- The paper introduces Sonic, a novel framework for audio-driven talking face generation that leverages global audio perception as the primary driver, moving away from auxiliary visual cues.
- Sonic features a Context-enhanced Audio Learning module for extracting multi-scale audio features and a Motion-decoupled Controller for disentangling and controlling head and expression movements.
- Quantitative and qualitative experiments demonstrate Sonic's superior performance in video quality, lip synchronization, expression diversity, and temporal consistency compared to existing methods.
The paper "Sonic: Shifting Focus to Global Audio Perception in Portrait Animation" introduces a novel approach to audio-driven talking face generation. The core idea is to leverage global audio perception as the primary driver for facial animation, moving away from reliance on auxiliary visual cues or spatial knowledge that often compromise naturalness and temporal consistency. The authors argue that audio, as a unique and global signal, provides inherent priors for facial expressions and lip movements, and should be the central element in guiding animation.
The proposed framework, named Sonic, achieves this through three key components:
- Context-enhanced Audio Learning: This module is responsible for extracting both short-range and long-range temporal audio knowledge from the input audio clip. It uses a pre-trained audio feature extraction model (Whisper-Tiny) to obtain multi-scale audio features. These features are then used to guide both spatial and temporal aspects of the generated video. Spatially, audio features are injected into spatial cross-attention layers, focusing on the talking face area using a mask. Temporally, a custom temporal-audio cross-attention module is introduced to align the video with the audio over time. This is done by projecting audio features into temporal embeddings, reducing computational burden while capturing temporal priors within the audio clip. This effectively captures the tone and speed of speech to implicitly derive expression and head movement motion priors.

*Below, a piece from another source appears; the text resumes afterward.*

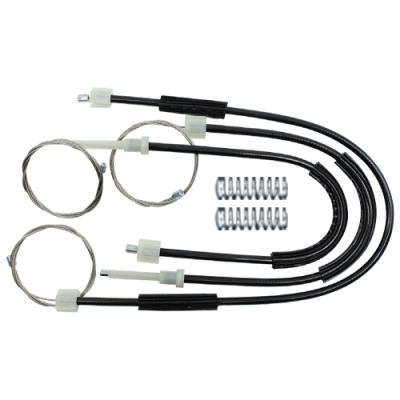 Комплект тросов стеклоподъёмника Jaguar XF ОЕМ: T2H23955 (перед. лев./прав.) 772472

- Motion-decoupled Controller: This module addresses habitual head movements and subtle expression variations that are not directly tied to the audio content. It disentangles head and expression movements, allowing for independent control through explicit parameters. During training, translation and expression motion buckets are calculated based on variance in bounding boxes and facial landmarks respectively. These buckets are then used to modulate ResNet blocks, providing control over head movement and expression intensity. Importantly, this component is designed to be user-controllable for added playability, but can also be learned from the input audio and a reference image eliminating the need for parameter tuning.
- Time-aware Position Shift Fusion: This module is designed to enhance global inter-clip audio perception for generating long, temporally coherent videos. It addresses limitations of existing methods that rely on motion frames or overlapping latents, which have limited receptive fields and increased computational complexity. The time-aware position shift fusion progressively fuses inter-clip latent features across global audio perception by using consecutively time-aware shifted windows. In essence, the model processes audio clips in parallel, but at each time step, the starting position of the audio clip is shifted, creating a sliding window effect. This enables the model to integrate long-range audio context without introducing extra training cost or inference time. A circular padding strategy ensures seamless handling of shifted positions exceeding the sequence length.
The authors present extensive experiments to demonstrate the effectiveness of Sonic. Quantitative evaluations on HDTF and CelebV-HQ datasets show superior performance in terms of video quality (FID, FVD), lip synchronization (Sync-C, Sync-D), expression diversity (E-FID), and smoothness. Qualitative comparisons further highlight the naturalness and temporal consistency of Sonic's output. Ablation studies validate the contribution of each component, and user studies confirm the subjective improvements in lip sync, motion diversity, identity consistency, and video smoothness. The paper also demonstrates fine-grained control over lip, expression, and motion through adjustable parameters.